Inoltre il clima di scarsa collaborazione tra colleghi e fenomeni di mobbing contribuiscono a creare un ambiente di lavoro ostile e stressante. A queste criticità professionali si aggiungono dimensioni private e personali, come difficoltà familiari o problemi di salute, che complicano ulteriormente la gestione dello stress lavorativo. In questo contesto, la mancanza di supporto adeguato può portare a esiti tragici, come il suicidio, che rappresenta una conseguenza drammatica delle pressioni quotidiane e delle difficoltà nel cercare e ricevere aiuto. «Nonostante i progressi significativi nella cura della depressione e il miglioramento del monitoraggio dello stress lavorativo, il numero di suicidi non sembra diminuire» ci ha spiegato Marco Strano, Capo del Dipartimento di Psicologia Militare e di Polizia di Unarma sindacato carabinieri.

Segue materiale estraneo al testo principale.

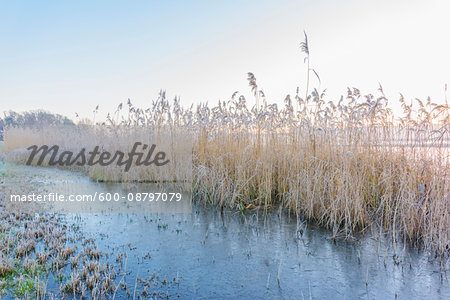 Reeds Covered in Frost in Winter in Hesse, Germany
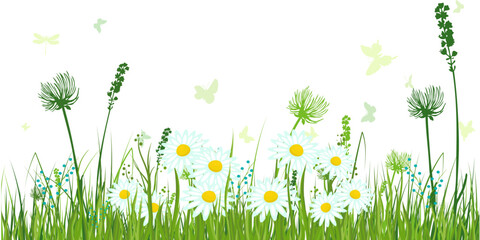 Fototapeta premium Watercolor flower frame background for wedding, birthday, card, background, invitation, wallpaper, sticker, decoration etc.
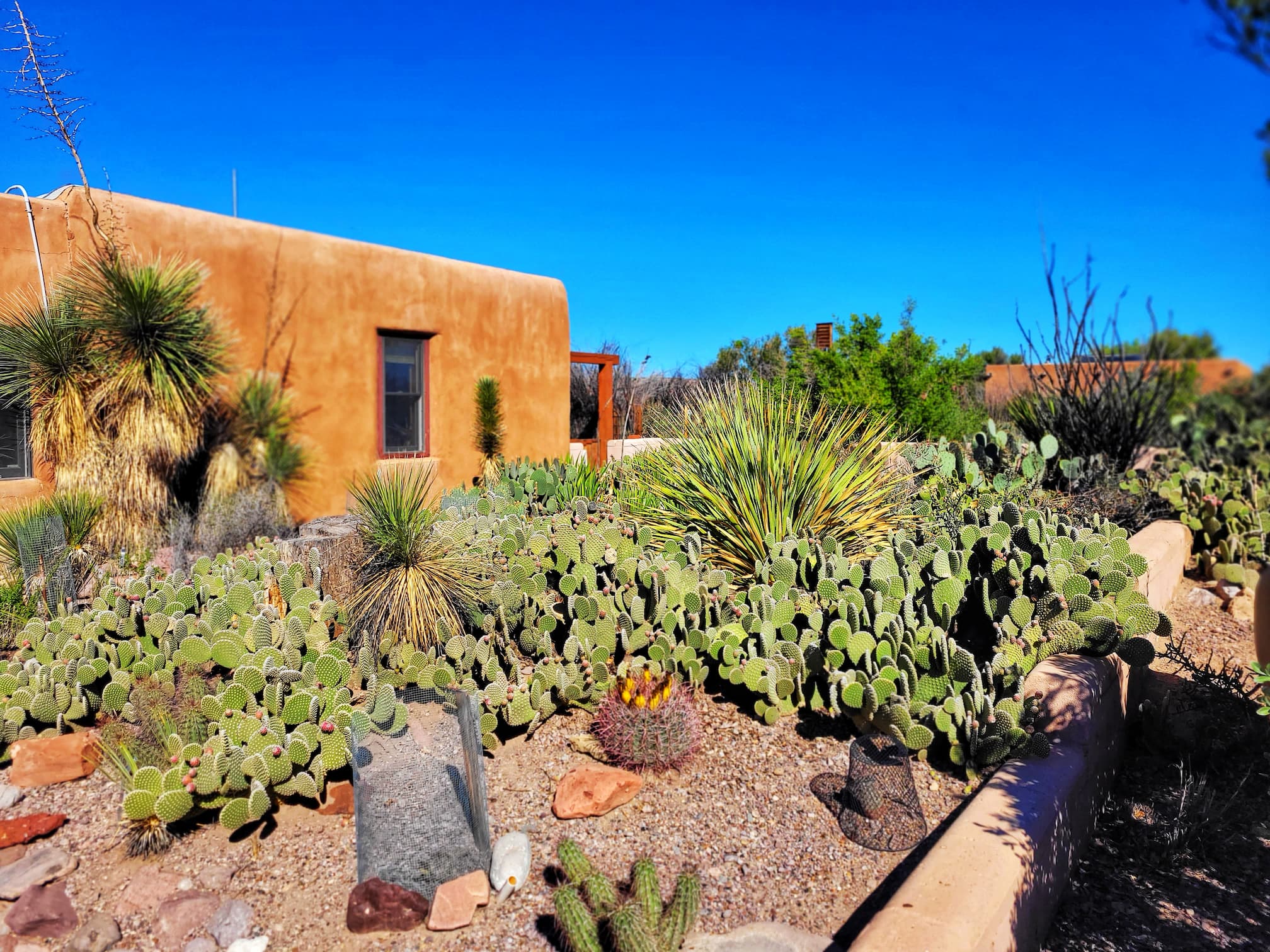 photo of basque del apache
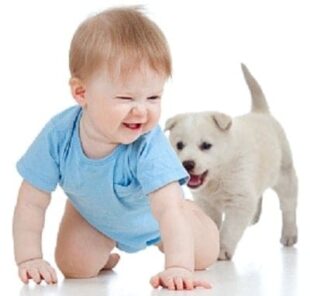 baby-boy-and-puppy_0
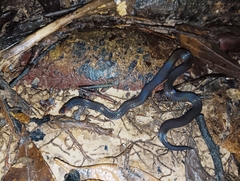 Pseudorabdion longiceps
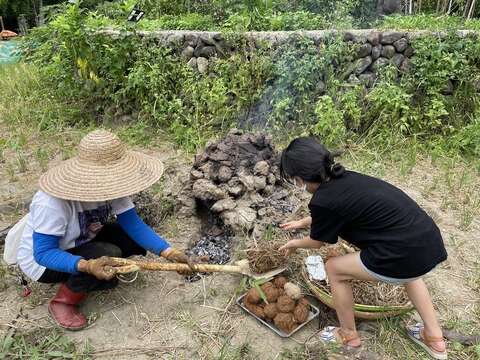 割禾後的稻田展現多元運用，臺北客家農場𤌍蕃薯與燒陶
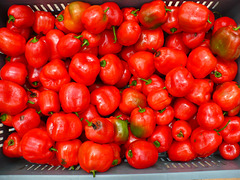 Rocoto harvest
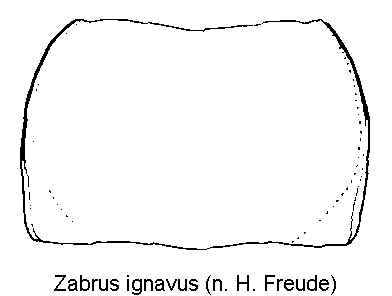 zabrus_ignavus_hsch.gif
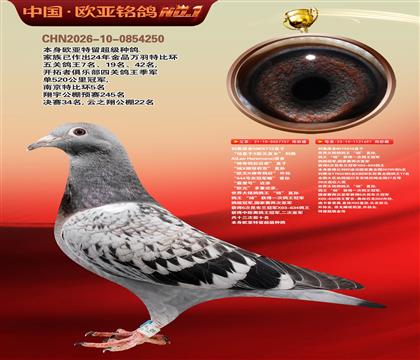 ����506X��713ֱ��757X����851X818ֱŮ697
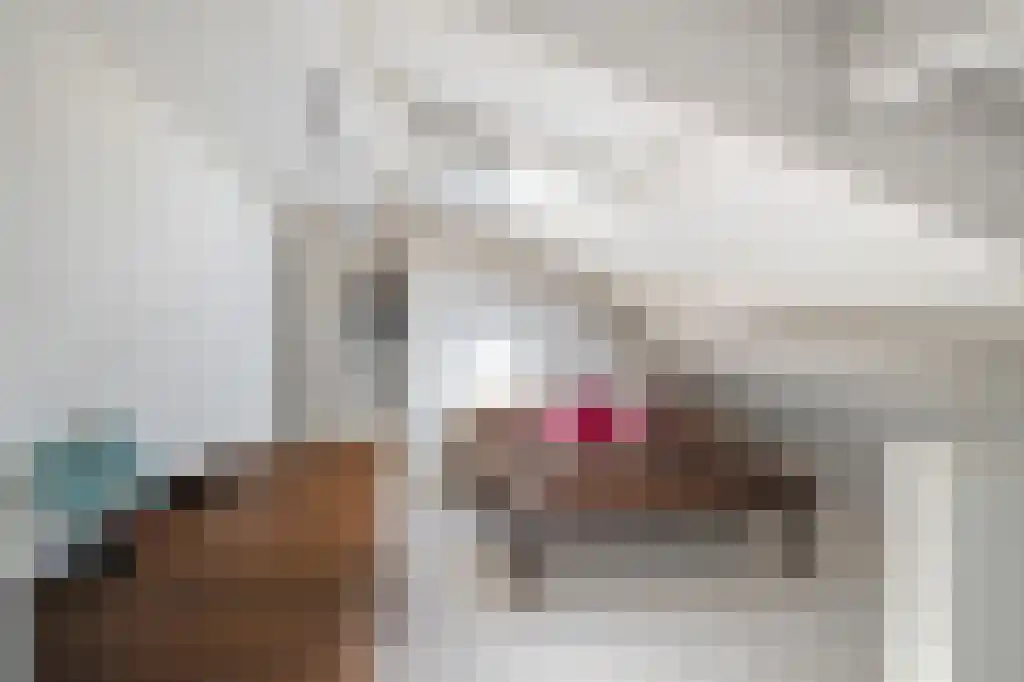 Terbregse Rechter Rottekade 161 Rotterdam thumbnail 36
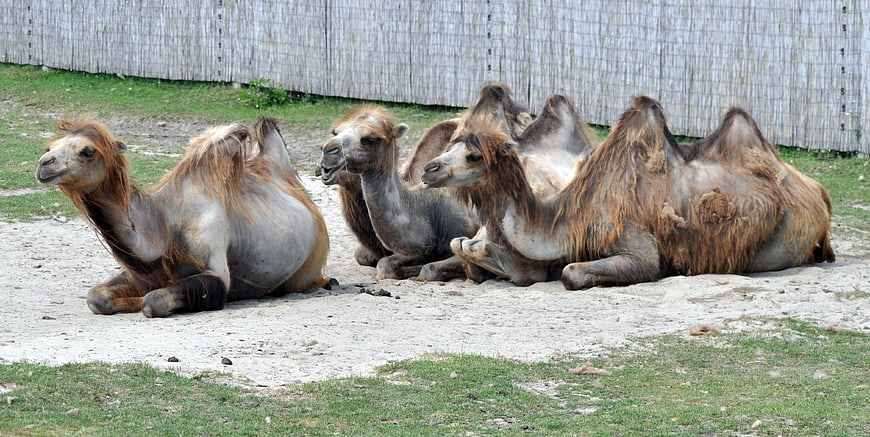 Group of Bactrian Camels Resting in Zoo Enclosure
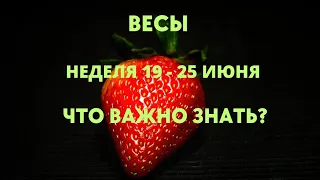 ВЕСЫ🌈НЕДЕЛЯ 19 - 25 ИЮНЯ 2023🔮ЧТО МНЕ ПО СУДЬБЕ?🍀ГОРОСКОП ТАРО Ispirazione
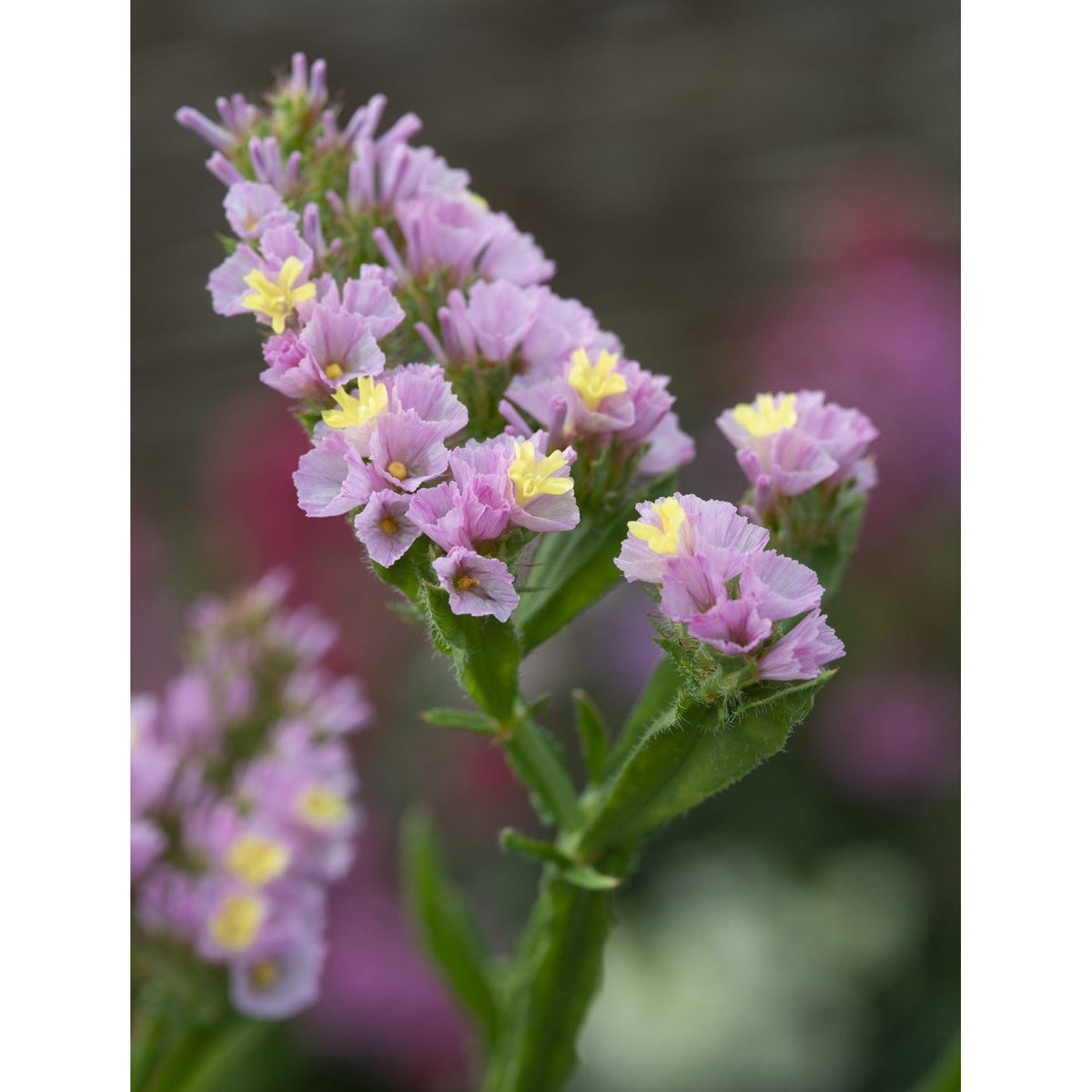 Risp ´Forever Happy´ - Köp frö till risp hos Soil & Seeds!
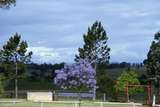 400524: Drayton's Winery Hunter Valley NSW Scene including Jacaranda Tree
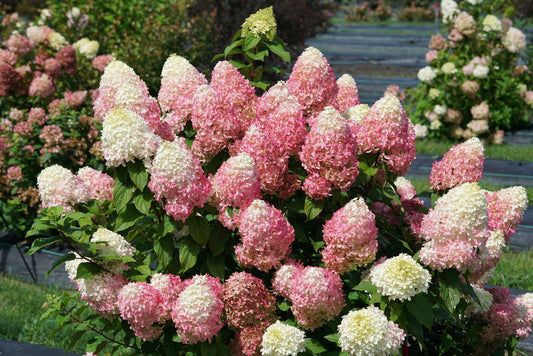 Hydrangea Vanilla Strawberry Top Graft 5G
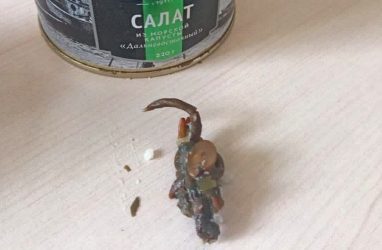 «Консервированная» мышь в банке с морским салатом шокировала жительницу Приморья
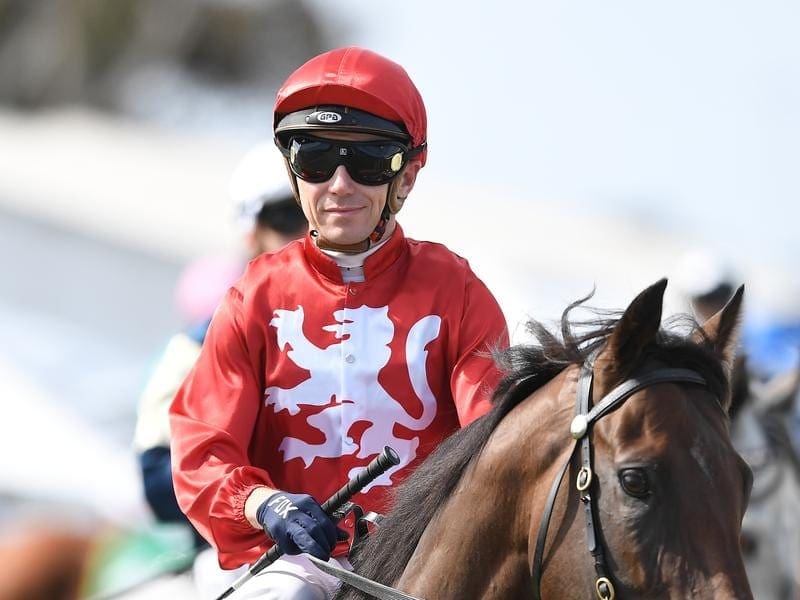 Stephen Baster will wear the Rosemont colours on True Excelsior in the G1 Telegraph in New Zealand. stephen baster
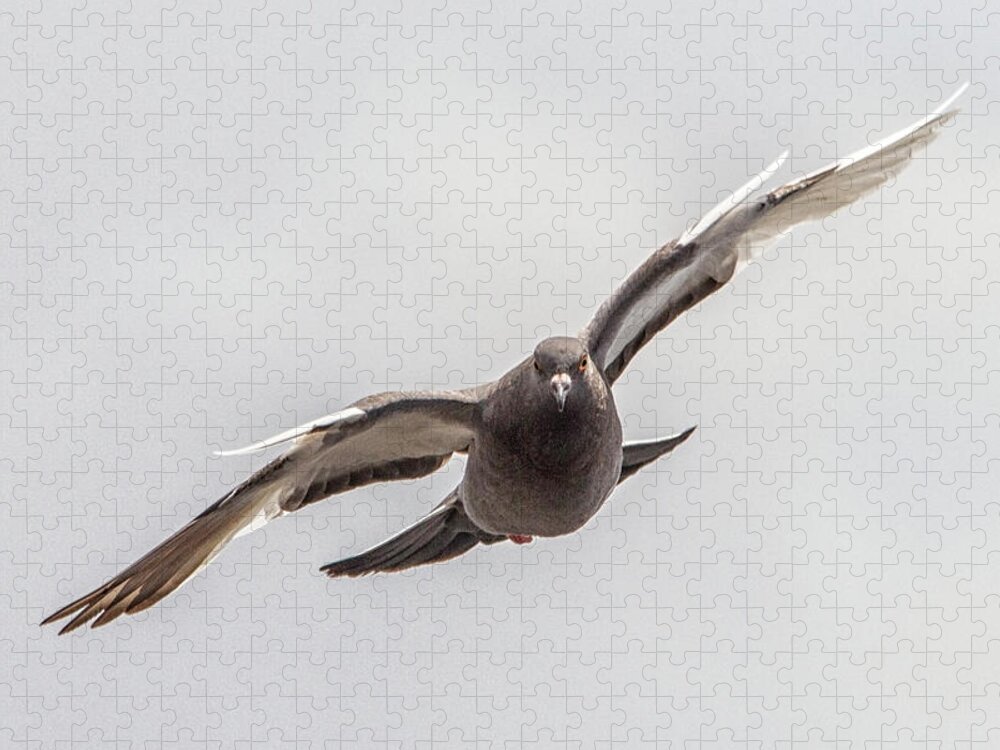 Pigeon In Flight Jigsaw Puzzle featuring the photograph Pigeon in Flight by Bob Decker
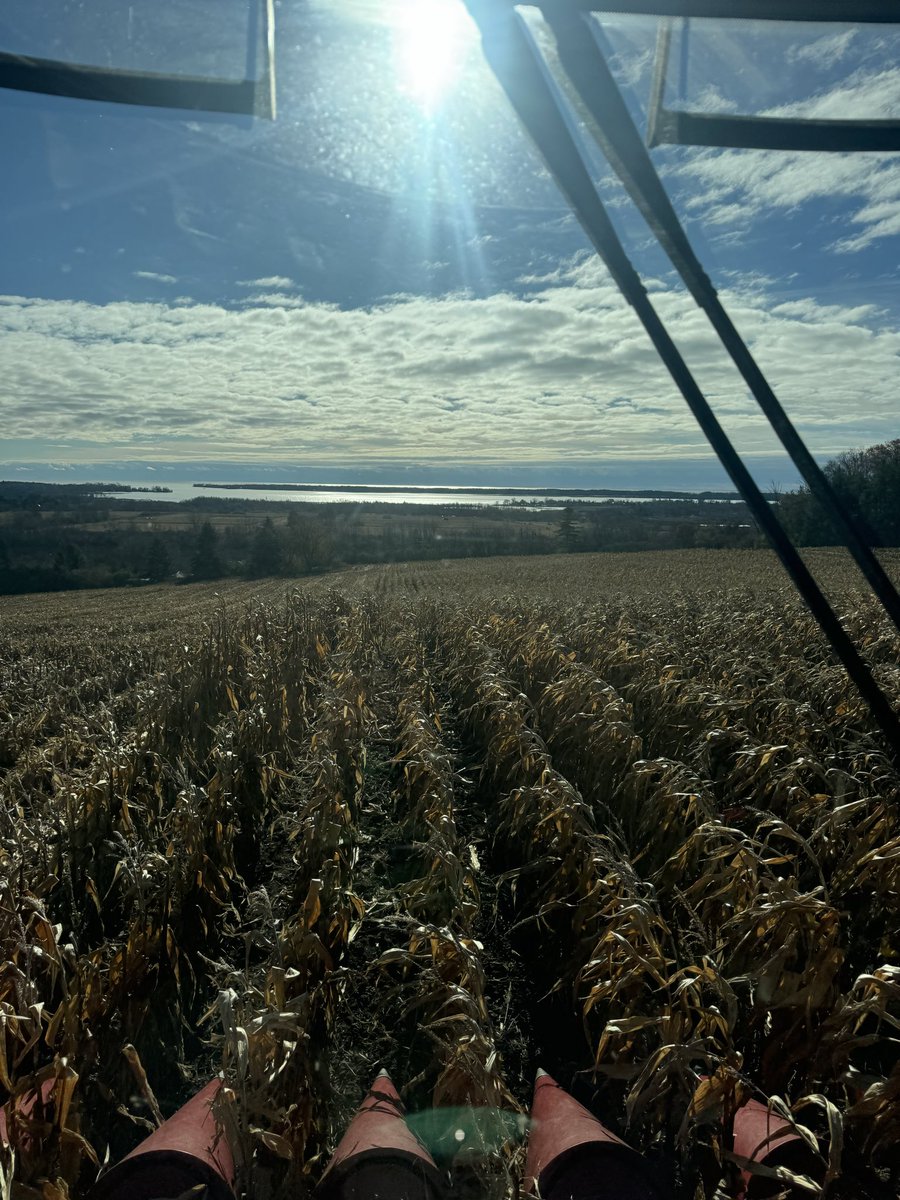 kelly sharpe tweet media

Ma per quale motivo? «Forse perché le iniziative delle amministrazioni non sono efficaci. Come Unarma, abbiamo attivato uno sportello di supporto esterno che riceve telefonate soprattutto durante la notte. Questo servizio, anonimo e gratuito, è attivo da quattro anni e gestiamo una o due chiamate per notte da persone con diversi tipi di disagio. Queste persone preferiscono parlare con noi piuttosto che con le strutture ufficiali, esitano a chiedere aiuto perché sanno che, per l'amministrazione, la sicurezza viene prima del supporto poiché, secondo il regolamento, chi manifesta disagio come anche un semplice stato ansioso potrebbe dover affrontare un iter che include il ritiro dell'arma e la sospensione dal servizio. Invece quando ci troviamo di fronte a casi gravi, consigliamo di rendere pubblica la situazione e lasciare che si proceda di conseguenza. I disturbi temporanei depressivi, se trattati tempestivamente, possono essere risolti, mentre se diventano cronici portano a problemi gravi».